Reactor on GG-III hardware

Reactor is a fantastically fun game. However, it didn’t do very well in the arcades and that caused a (large) number of the games to be converted or trashed. As a result, the CPU boards got tossed either (i) on a shelf to corrode, or (ii) tossed in the trash. If you’ve read this far, you probably know how hard it is to locate a Reactor boardset – let alone a working Reactor boardset!

In late 1999, I acquired an empty Reactor cabinet, and was having very little luck getting the boards. Looking at a Reactor board, it seemed very similar to a Q*Bert or Mad Planets board. There was even a short note about converting a Q*Bert board to run Reactor code, but no one had actually done it. Until now.

I had previously worked with Fabrice Frances on implementing speech in the Reactor and Q*Bert MAME drivers. Fabrice lives and works in France and missed the funny speech that Q*Bert spouts during the game. That speech is generated from the Votrax SC-01a voice synthesis chip. Very hard to find, and *almost* impossible to emulate. Samples were taken from a Q*Bert sound board and incorporated into MAME. During this process, I asked Fabrice if he could just make the Reactor code *work* on a Q*Bert board. Not being a programmer, I didn’t understand the complexity this task involved.

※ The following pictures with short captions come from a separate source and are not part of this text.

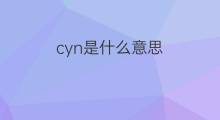 cyn是什么意思 cyn的中文翻译、读音、例句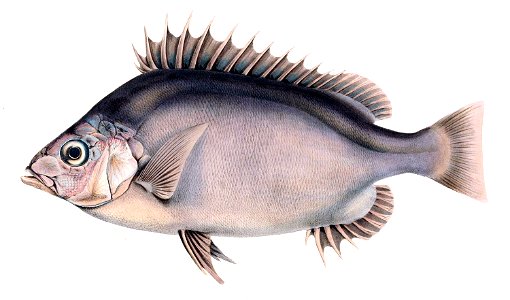 Pseudopentaceros richardsoni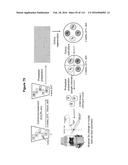 Endophytes and related methods diagram and image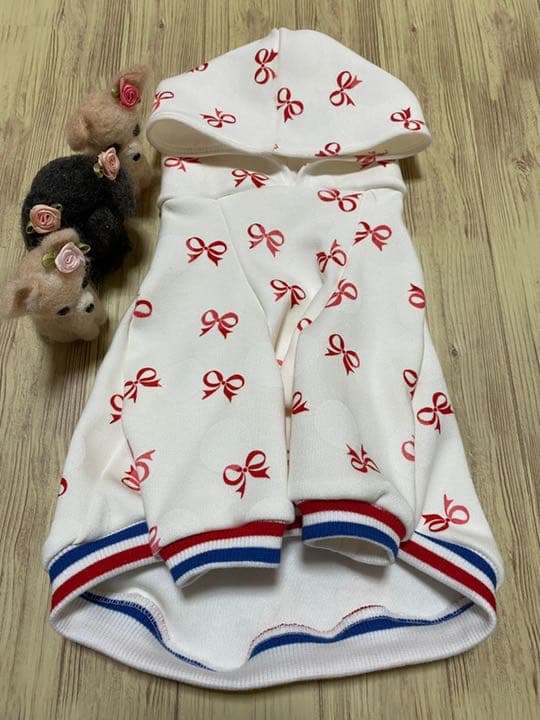 犬服  ラグランフード付き(M)   ꒡̈⃝Lily꒡̈⃝ハンドメイド  再出品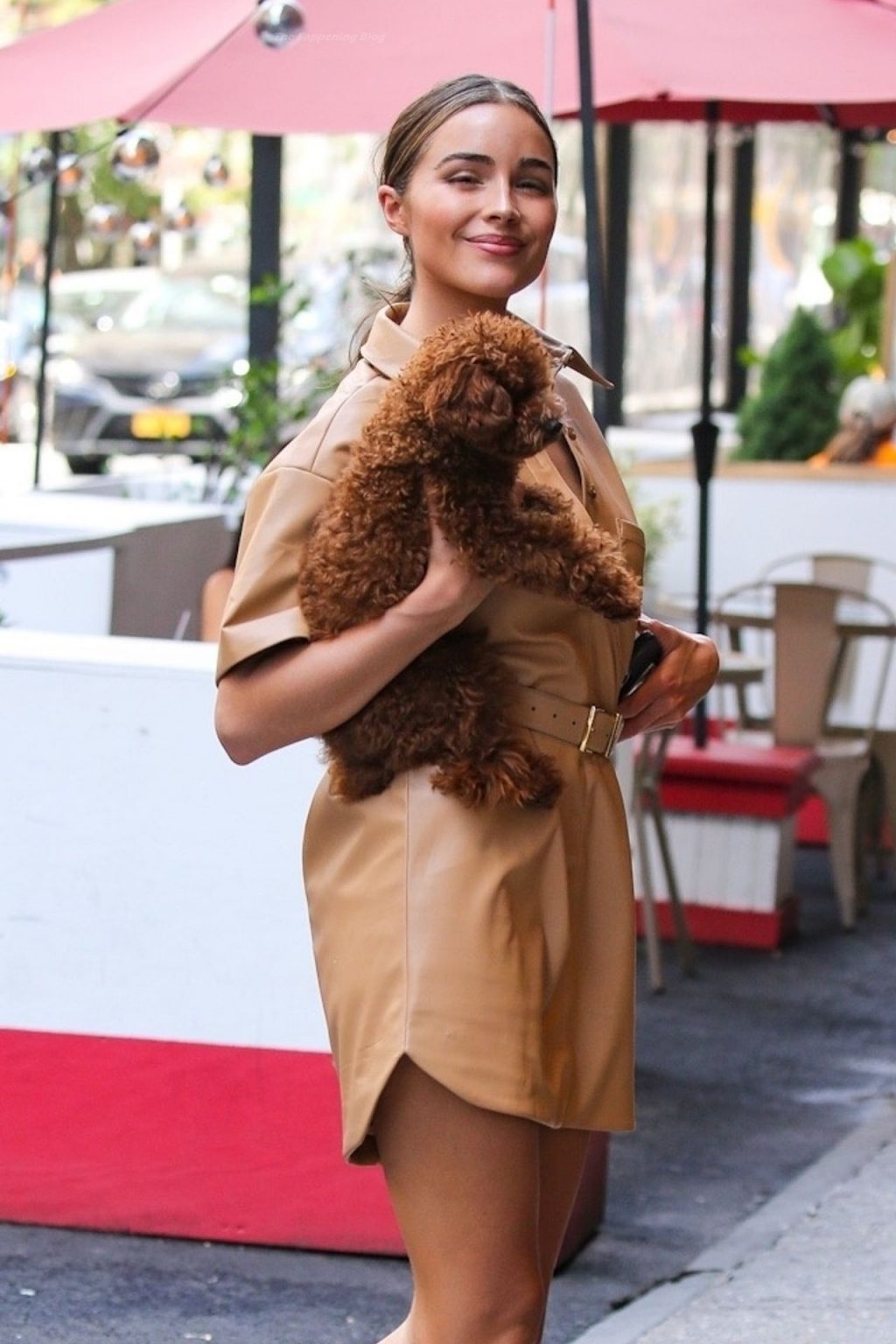 Leggy Olivia Culpo Steps Out in Neutral Browns For a Walk with Adorable Pooch (22 Photos)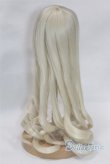 画像2: 9inch/ウィッグ/インチ　BJD　MJD　ドール用 A-26-02-11-022-NY-ZA (2)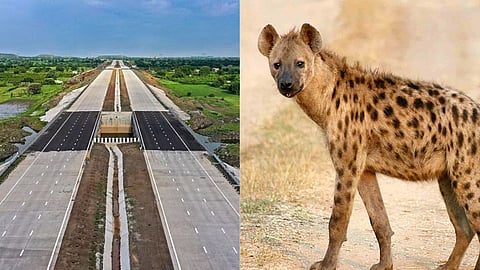 Samruddhi Mahamarg Accident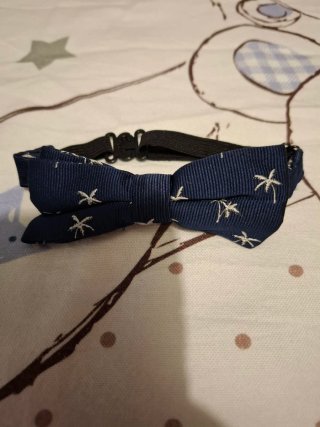 Pajarita azul con palmeras para niño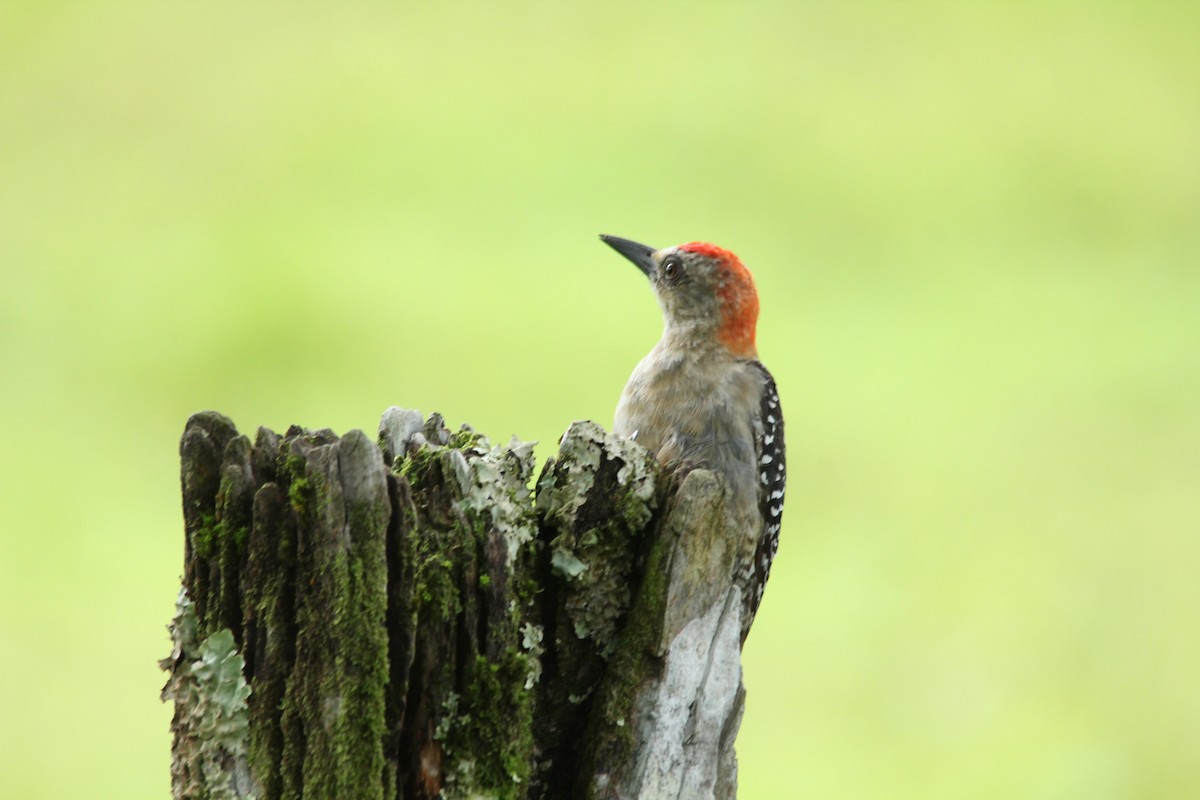 Red-crowned Woodpecker - kenneth reyes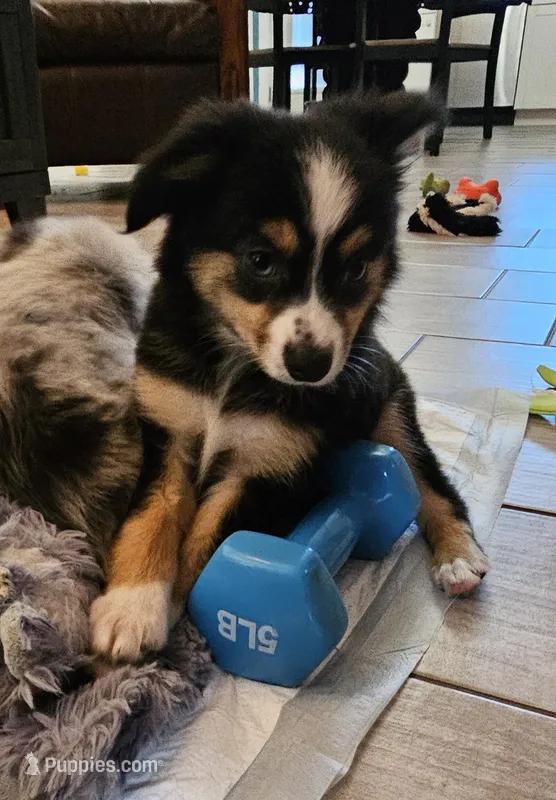 Quigley – Toy Australian Shepherd puppy for sale in Haddock, GA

To begin with, the Reactor (GG-2) board uses a completely different memory map than the later revisions of the Gottlieb board.

Gottlieb GG-2 memory map: Reactor

Main processor (8088 minimum mode)
0000-1fff RAM (NOT battery backed unlike all the others)
2000-2fff sprites
3000-37ff video ram
4000-4fff char generator ram
6000-67ff palette ram (palette of 16 colors)
7000-77ff i/o ports
8000-ffff ROM

Gottlieb GG-III memory map: Q*Bert, Mad Planets, Krull

Main processor (8088 minimum mode)
0000-0fff RAM (battery backed)
1000-1fff RAM or ROM (selected with jumpers on the board)
2000-2fff RAM or ROM (selected with jumpers on the board)
3000-37ff sprites
3800-3fff video RAM
4000-4fff char generator RAM
5000-57ff palette ram (palette of 16 colors)
5800-5fff i/o ports
6000-ffff ROM (not necessarily fully populated)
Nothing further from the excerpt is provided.